There are two states in the Union with populations smaller than the District of Columbia, and as a proud inhabitant of one of them—Vermont—let me say that the arguments recently advanced against granting D.C. statehood are absurdly weak.
On Monday, for example, during a hearing on the question before the House Committee on Oversight and Reform, the Republican congressman Jody Hice, of Georgia, said that D.C. shouldn’t really qualify as a state because it lacks car dealerships. In point of fact, it does have car dealerships—but, in any event, car dealerships are highly overrated. They feature, in my experience, burned coffee, waiting rooms with TVs tuned to “The View,” and employees way too eager to sell you undercoating. How does any of that qualify you for self-governance? Vermont is a good and useful place despite having car dealerships. D.C. has the Smithsonian Institution, which, in turn, has Lindbergh’s Spirit of St. Louis and Chuck Berry’s Cadillac. Meanwhile, Hice represents, among other places, Butts County, whose seat, Jackson, is currently being used to simulate an Indiana town for the Netflix series “Stranger Things,” so perhaps its citizens should be voting in the Hoosier State. On the other hand, there are at least a dozen car dealerships in the Jackson area, including one where a customer reported stopping in “to look at a truck. Noticed the truck had surface rust all under it. Started inspecting the motor, found the head gaskets blown by the amount of bubbles in the reservoir. Talked to the salesman about it and the owner overheard this and cussed me out.”

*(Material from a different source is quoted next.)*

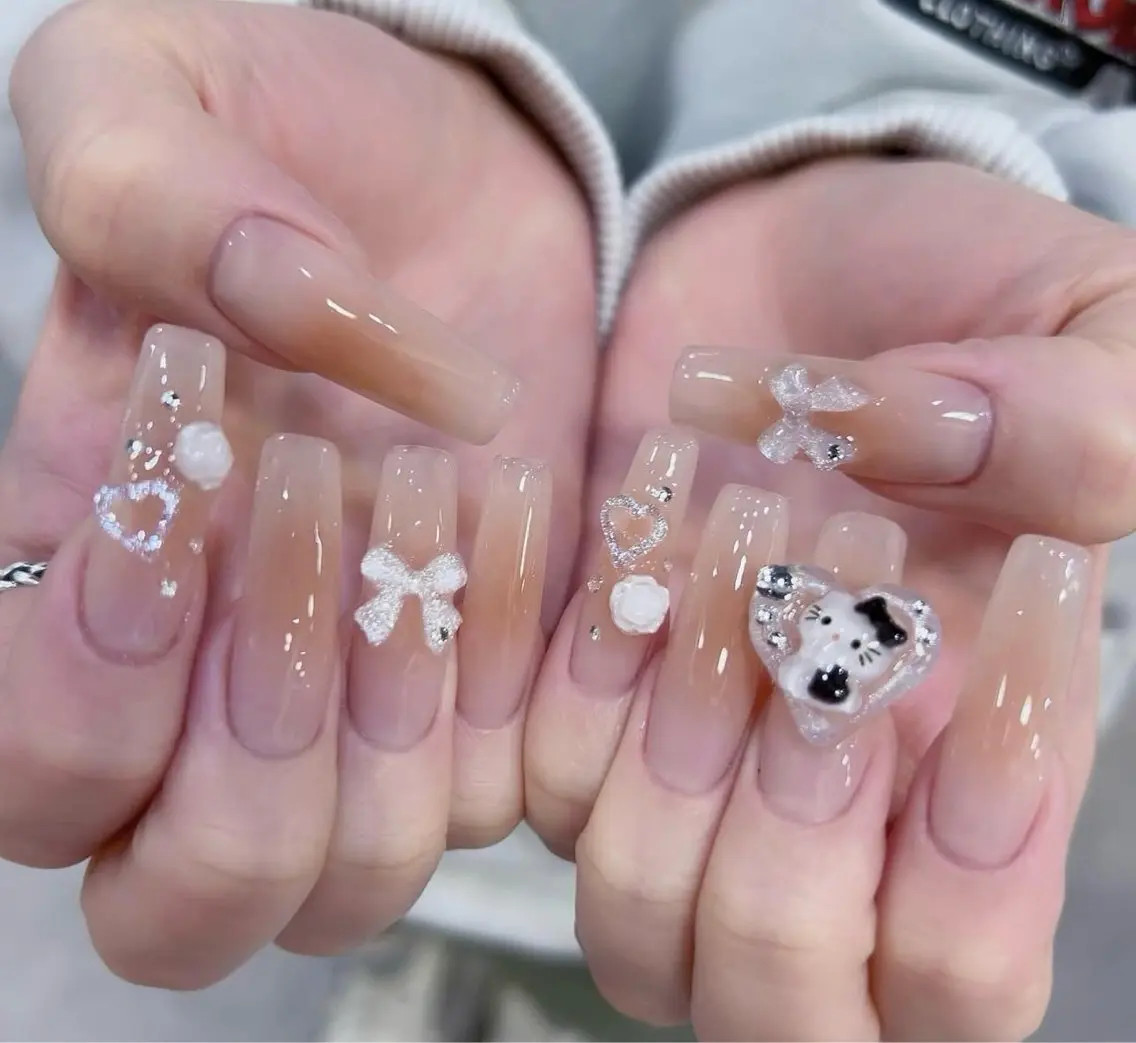 ネイル グラデーション キラキラネイル ワンカラーネイル 冬ネイル Jenn Nail Salonのネイルデザイン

Zack Smith, of the Heritage Foundation, a conservative think tank based in D.C., told the Oversight Committee that D.C. doesn’t need representation because its residents can always post yard signs that will be directly seen by members of Congress. “For the members here today, how many of you saw D.C.-statehood yard signs, or bumper stickers, or banners on your way to this hearing today?” Smith asked. “Where else in the nation could such simple actions reach so many members of Congress?” We have yard signs in Vermont, as well, and you know what we use them for? To elect members of the House and the Senate. One of our two senators presided over Donald Trump’s second impeachment trial, and the other now heads the Senate Budget Committee. And we have ninety thousand fewer people than D.C.
Representative Glenn Grothman, Republican of Wisconsin, offered a third reason: economic wealth, he told the committee, comes from manufacturing, agriculture, or natural minerals, “and those are things that I think every state has at some degree.” In D.C., all three, he said, would “have to be very tiny compared to what we get in a normal state.” Indeed, Vermont has manufacturing and agriculture, and it sort of has natural minerals, especially if you count the granite that comes out of the Rock of Ages quarry and is used for making headstones. But so what? On the list of the biggest industries in the United States, mining and agriculture rank near the bottom; manufacturing comes in higher, but it’s easily topped by a combination of real estate, the federal government, finance and insurance, and health care. It’s just a guess, but D.C. may be almost as good at all of those things as the Sixth District of Wisconsin, where Grothman lives, in the village of Glenbeulah, which nestles on the Mullet River and was named in honor of Beulah, the mother of a railroad contractor. If you’re wondering what other issues interest Grothman, he has been a vocal proponent of raw-milk sales, and, as a state senator, he argued against equal-pay legislation, on the ground that “you could argue that money is more important for men.”
In the end, though, none of these arguments make any difference, because the thing that makes the District of Columbia deserve real congressional representation is the fact that citizens live there. And all citizens should count.